* _Task prompt_
The listing below must be returned in full and unchanged, without the images it carries.

* _Available data_
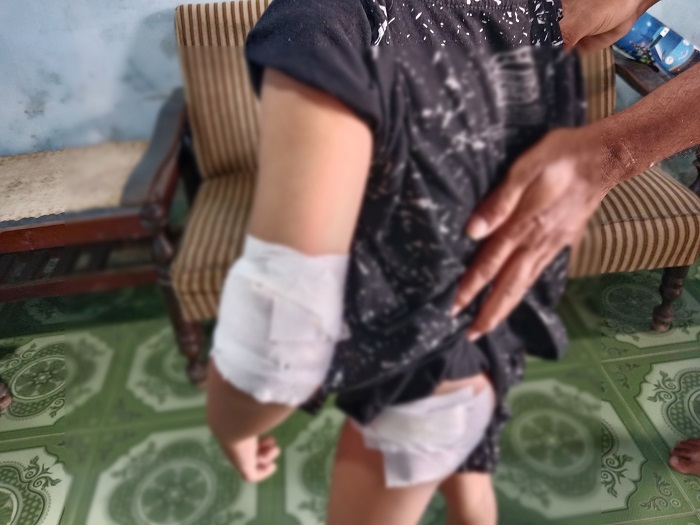 Seorang bocah perempuan berusia 6 tahun di Dusun Jombatan 1, Desa Jombatan, Kecamatan Kesamben, Kabupaten Jombang diserang monyet liar saat bermain sepeda di kebun belakang rumah tetangganya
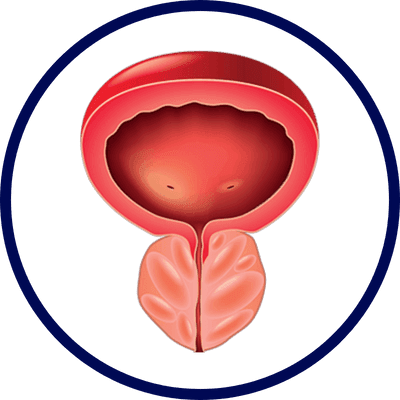 Passo 3 do tratamento com ZenProst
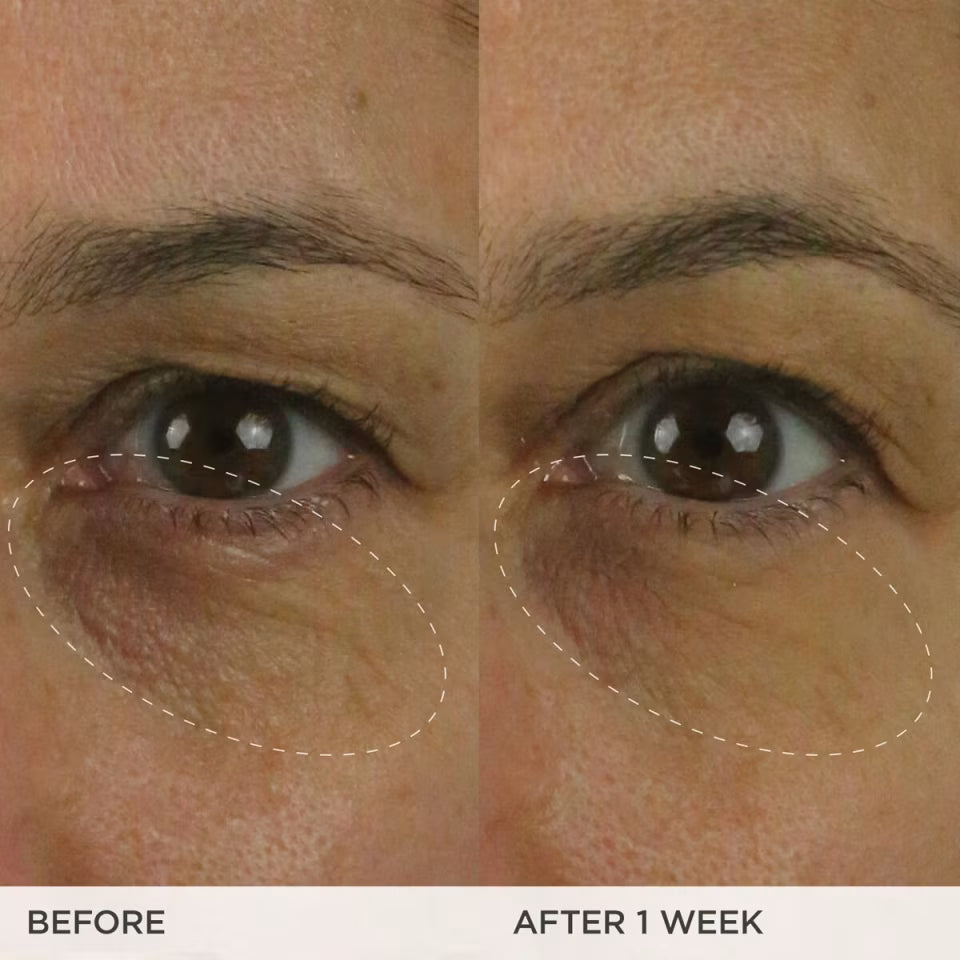 TATCHA The Brightening Eye Cream | Brightening & Dark Circle Reduction with Vitamin C for Bight, Firm Undereyes, 15 ml / 0.5 fl. oz.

* _Reply to the task_
 Seorang bocah perempuan berusia 6 tahun di Dusun Jombatan 1, Desa Jombatan, Kecamatan Kesamben, Kabupaten Jombang diserang monyet liar saat bermain sepeda di kebun belakang rumah tetangganya
 Passo 3 do tratamento com ZenProst
 TATCHA The Brightening Eye Cream | Brightening & Dark Circle Reduction with Vitamin C for Bight, Firm Undereyes, 15 ml / 0.5 fl. oz.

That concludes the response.